The MLB is introducing an automated ball-strike system at this year’s All-Star Game.

Perhaps the most human of the big-league sports is opening the field of play to robots. Major League Baseball (MLB), we learn from the AP, is introducing an automated ball-strike system at this year’s All-Star Game, scheduled for the evening of July 15.

MLB virtual ballpark

Source: MLB

The MLB is introducing an automated ball-strike system at this year’s All-Star Game.

The system is not new, having been used in the minor leagues since 2019, nor should we expect to see an android behind the catcher at home plate. Rather, it’s a review system. Each team may exercise two “challenges” per game when it feels wronged by the call on a pitch, and will retain any challenge it is vindicated on.
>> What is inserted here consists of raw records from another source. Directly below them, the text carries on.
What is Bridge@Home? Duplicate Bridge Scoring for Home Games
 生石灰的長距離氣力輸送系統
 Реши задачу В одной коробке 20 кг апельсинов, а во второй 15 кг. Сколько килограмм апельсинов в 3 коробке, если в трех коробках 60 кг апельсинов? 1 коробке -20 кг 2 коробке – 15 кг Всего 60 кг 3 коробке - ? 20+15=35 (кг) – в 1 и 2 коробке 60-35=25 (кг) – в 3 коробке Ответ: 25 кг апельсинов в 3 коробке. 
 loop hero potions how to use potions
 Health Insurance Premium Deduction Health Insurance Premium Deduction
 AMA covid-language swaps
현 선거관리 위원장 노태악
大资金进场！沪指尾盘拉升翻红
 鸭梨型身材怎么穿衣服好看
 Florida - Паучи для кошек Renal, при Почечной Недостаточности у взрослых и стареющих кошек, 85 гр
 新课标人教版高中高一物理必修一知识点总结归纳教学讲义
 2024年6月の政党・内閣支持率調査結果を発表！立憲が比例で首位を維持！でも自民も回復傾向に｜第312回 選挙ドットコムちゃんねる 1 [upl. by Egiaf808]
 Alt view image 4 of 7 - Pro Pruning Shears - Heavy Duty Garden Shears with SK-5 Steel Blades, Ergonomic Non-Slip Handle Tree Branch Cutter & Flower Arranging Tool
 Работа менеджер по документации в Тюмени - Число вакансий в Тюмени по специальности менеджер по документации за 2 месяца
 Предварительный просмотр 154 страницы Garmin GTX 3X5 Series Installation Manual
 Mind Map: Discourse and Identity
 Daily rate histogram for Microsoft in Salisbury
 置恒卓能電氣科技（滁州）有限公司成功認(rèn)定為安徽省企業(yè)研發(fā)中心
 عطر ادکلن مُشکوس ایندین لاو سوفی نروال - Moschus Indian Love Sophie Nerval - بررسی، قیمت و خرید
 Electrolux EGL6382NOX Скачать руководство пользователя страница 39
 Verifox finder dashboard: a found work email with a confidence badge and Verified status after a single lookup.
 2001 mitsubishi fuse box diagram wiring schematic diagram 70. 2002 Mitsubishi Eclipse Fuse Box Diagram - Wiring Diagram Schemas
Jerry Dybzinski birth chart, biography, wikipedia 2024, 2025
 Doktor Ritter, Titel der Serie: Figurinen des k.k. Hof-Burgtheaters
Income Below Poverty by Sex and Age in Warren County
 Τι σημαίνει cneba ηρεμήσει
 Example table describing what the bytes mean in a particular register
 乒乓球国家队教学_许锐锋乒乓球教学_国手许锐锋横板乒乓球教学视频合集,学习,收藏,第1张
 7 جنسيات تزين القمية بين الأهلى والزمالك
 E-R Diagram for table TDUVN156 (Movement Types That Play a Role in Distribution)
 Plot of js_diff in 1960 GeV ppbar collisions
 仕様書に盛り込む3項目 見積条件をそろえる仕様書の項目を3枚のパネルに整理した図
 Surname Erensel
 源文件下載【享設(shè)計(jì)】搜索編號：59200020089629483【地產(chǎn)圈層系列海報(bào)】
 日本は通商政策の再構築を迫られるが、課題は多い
However limited the system, it’s curious that baseball – whose pitching game is grounded in psychology, judgment, chance, error: in faking out the batter and the umpire alike – should take this turn into exacting tech. After all, umpires in baseball have been something for players to deal with for as long as there have been umpires. They are part of the field, part of the game’s very backdrop. Most live balls that hit umpires remain live balls (cf. page 26 of the rules). And bad calls are part of the lore.

Anyhow, MLB Commissioner Rob Manfred expects that MLB’s competition committee will be considering the system for regular-season play.